[Scraped caption text data]
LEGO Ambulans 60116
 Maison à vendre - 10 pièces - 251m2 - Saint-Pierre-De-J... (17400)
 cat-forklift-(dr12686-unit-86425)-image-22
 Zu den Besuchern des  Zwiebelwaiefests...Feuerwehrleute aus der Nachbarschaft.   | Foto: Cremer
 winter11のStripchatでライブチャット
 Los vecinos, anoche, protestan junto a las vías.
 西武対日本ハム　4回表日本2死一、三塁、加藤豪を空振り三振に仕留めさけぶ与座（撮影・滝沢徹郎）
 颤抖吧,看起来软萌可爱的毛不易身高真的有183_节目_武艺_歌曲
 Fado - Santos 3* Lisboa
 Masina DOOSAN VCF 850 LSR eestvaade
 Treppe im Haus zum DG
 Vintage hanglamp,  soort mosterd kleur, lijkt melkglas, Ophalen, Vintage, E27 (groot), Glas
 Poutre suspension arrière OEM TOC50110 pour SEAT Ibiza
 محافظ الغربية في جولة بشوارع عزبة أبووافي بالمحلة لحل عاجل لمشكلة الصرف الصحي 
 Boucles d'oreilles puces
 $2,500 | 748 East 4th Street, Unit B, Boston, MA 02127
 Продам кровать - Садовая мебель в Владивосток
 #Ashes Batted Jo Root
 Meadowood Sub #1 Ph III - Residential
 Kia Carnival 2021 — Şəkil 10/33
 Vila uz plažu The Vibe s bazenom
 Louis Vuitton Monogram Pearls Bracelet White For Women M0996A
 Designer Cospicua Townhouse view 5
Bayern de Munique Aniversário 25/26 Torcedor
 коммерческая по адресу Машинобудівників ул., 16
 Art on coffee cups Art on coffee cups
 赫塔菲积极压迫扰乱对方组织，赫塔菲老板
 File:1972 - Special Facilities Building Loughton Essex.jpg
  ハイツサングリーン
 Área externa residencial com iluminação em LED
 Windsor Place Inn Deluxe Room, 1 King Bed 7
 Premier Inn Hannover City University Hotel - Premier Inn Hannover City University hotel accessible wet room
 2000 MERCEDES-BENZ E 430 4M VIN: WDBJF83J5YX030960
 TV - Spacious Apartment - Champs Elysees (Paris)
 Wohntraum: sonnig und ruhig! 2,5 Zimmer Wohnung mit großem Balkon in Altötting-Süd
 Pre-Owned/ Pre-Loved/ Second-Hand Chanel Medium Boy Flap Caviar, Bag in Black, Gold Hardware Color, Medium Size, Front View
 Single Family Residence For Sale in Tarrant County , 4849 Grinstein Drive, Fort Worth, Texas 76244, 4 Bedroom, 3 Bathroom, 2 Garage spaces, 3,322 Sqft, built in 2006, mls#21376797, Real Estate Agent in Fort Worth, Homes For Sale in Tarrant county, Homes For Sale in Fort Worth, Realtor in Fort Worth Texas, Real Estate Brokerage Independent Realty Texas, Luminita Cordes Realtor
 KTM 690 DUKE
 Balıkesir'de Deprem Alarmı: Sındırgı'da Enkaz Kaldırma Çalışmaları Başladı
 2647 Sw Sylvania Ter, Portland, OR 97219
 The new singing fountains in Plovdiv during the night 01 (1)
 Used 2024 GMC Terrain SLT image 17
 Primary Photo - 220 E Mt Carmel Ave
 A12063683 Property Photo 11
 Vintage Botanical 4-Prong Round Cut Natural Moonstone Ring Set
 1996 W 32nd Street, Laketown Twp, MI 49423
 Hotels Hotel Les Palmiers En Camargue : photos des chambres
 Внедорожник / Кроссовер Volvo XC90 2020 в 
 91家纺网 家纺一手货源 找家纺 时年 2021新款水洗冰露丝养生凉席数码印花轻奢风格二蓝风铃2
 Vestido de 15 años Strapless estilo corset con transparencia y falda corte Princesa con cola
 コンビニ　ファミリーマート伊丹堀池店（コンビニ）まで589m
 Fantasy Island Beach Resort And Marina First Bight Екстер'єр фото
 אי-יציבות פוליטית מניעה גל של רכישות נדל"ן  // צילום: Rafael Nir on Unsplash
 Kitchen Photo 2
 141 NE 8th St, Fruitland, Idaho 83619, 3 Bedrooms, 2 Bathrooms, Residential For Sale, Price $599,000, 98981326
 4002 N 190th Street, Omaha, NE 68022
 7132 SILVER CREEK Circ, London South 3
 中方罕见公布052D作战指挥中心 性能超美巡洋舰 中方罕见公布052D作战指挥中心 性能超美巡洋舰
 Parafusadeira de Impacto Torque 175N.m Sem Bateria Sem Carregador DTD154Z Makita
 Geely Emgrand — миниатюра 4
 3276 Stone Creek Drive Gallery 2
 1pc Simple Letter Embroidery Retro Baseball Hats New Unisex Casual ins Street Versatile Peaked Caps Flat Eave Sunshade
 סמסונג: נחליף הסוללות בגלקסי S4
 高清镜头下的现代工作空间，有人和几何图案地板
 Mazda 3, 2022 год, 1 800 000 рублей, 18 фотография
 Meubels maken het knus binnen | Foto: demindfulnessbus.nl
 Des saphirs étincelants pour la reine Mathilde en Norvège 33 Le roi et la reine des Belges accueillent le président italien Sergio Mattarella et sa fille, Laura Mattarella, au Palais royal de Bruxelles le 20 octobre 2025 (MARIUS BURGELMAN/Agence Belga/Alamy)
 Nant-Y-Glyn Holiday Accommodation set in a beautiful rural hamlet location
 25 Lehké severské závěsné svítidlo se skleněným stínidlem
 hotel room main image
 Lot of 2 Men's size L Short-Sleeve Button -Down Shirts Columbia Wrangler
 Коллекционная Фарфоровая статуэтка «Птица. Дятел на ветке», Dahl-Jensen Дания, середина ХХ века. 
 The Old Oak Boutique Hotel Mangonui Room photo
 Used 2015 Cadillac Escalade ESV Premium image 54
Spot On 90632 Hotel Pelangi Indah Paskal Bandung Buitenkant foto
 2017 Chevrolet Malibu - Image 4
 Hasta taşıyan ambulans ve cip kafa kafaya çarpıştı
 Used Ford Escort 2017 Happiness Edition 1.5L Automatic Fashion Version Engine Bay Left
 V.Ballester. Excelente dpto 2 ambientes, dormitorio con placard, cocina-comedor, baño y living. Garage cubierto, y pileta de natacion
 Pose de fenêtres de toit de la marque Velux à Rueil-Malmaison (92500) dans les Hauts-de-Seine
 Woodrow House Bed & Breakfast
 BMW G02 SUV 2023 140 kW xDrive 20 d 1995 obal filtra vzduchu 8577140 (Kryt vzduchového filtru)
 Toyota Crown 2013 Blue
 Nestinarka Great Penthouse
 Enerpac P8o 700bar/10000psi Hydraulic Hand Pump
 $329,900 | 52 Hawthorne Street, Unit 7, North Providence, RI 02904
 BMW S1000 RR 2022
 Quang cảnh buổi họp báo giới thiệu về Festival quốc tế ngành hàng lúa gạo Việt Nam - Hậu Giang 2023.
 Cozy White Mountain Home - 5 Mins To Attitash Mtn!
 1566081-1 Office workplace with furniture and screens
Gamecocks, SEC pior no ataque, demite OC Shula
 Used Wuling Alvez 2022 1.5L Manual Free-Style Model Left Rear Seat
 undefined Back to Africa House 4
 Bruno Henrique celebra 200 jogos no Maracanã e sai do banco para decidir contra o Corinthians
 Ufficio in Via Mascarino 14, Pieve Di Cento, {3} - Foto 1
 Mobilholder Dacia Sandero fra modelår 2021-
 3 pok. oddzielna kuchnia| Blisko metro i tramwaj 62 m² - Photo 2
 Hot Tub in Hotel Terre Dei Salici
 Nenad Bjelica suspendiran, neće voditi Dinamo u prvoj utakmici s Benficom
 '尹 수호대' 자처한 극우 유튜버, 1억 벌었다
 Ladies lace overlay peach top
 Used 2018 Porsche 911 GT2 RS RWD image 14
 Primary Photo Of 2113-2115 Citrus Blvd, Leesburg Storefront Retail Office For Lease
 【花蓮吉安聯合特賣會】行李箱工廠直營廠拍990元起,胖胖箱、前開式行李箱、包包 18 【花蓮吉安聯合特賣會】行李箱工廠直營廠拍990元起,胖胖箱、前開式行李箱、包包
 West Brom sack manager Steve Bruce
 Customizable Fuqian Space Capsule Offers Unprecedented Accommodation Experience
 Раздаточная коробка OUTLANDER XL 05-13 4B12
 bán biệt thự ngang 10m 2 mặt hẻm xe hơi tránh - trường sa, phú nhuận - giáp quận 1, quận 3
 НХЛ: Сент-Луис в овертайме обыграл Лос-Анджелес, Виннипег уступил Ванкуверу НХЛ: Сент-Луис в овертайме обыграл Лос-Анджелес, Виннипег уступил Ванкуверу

INSTRUCTIONS TO FOLLOW >>
Restate, word for word and with nothing added, the lines from the beginning of the records above through the line that contains "Los vecinos, anoche, protestan".

ANSWER AREA >>
LEGO Ambulans 60116
 Maison à vendre - 10 pièces - 251m2 - Saint-Pierre-De-J... (17400)
 cat-forklift-(dr12686-unit-86425)-image-22
 Zu den Besuchern des  Zwiebelwaiefests...Feuerwehrleute aus der Nachbarschaft.   | Foto: Cremer
 winter11のStripchatでライブチャット
 Los vecinos, anoche, protestan junto a las vías.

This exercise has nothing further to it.